MLB has suspended Jose Urena six games for banging his first – and last, as it turned out – pitch of Wednesday’s game off Ronald Acuna’s elbow. That’s not nothing. But not being nothing isn’t nearly the same as being enough.
Urena is a starting pitcher. He works every five days. His suspension amounts to one missed turn. That’s not enough to hurt; it’s barely enough to sting. Credit Joe Torre and MLB for doing something. Debit him/it for not doing more.
Baseball may never have a better chance to send a message about pitchers hitting batters on purpose. Acuna had hoisted leadoff home runs against Miami, Urena’s team, in three consecutive games. When the Braves’ rookie led off Game 4 of the series, Urena hit him with a fastball timed at 97.5 mph. It was the fastest fastball Urena has loosed on the first pitch of any game, and it wasn’t placed so as to move Acuna off the plate. It arrived up and in. It could have done real harm.

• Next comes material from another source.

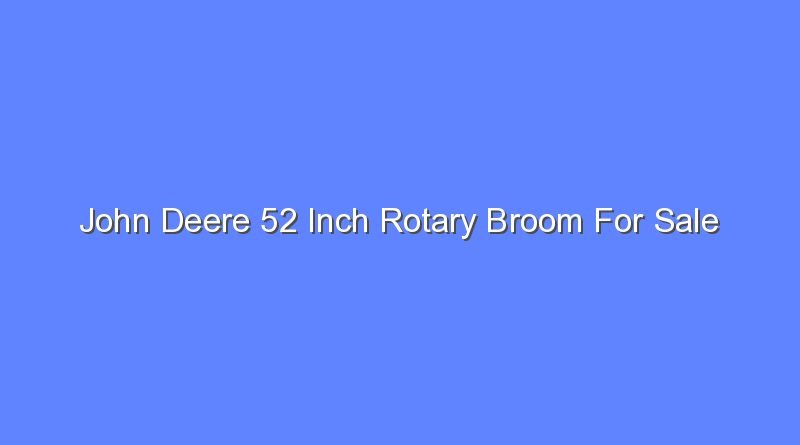 john deere 52 inch rotary broom for sale 8360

As odd as it sounds, everybody got lucky. Acuna’s elbow was only bruised. (Indeed, he started Thursday night against Colorado.) The Braves were fortunate that their most gifted player missed only eight innings. MLB was lucky that the burgeoning will be able to generate more highlights from here through September and probably beyond. Urena was lucky he hadn’t shelved one of the game’s best young players long-term. If he had, he’d have been an even bigger villain – and his suspension might have been much longer.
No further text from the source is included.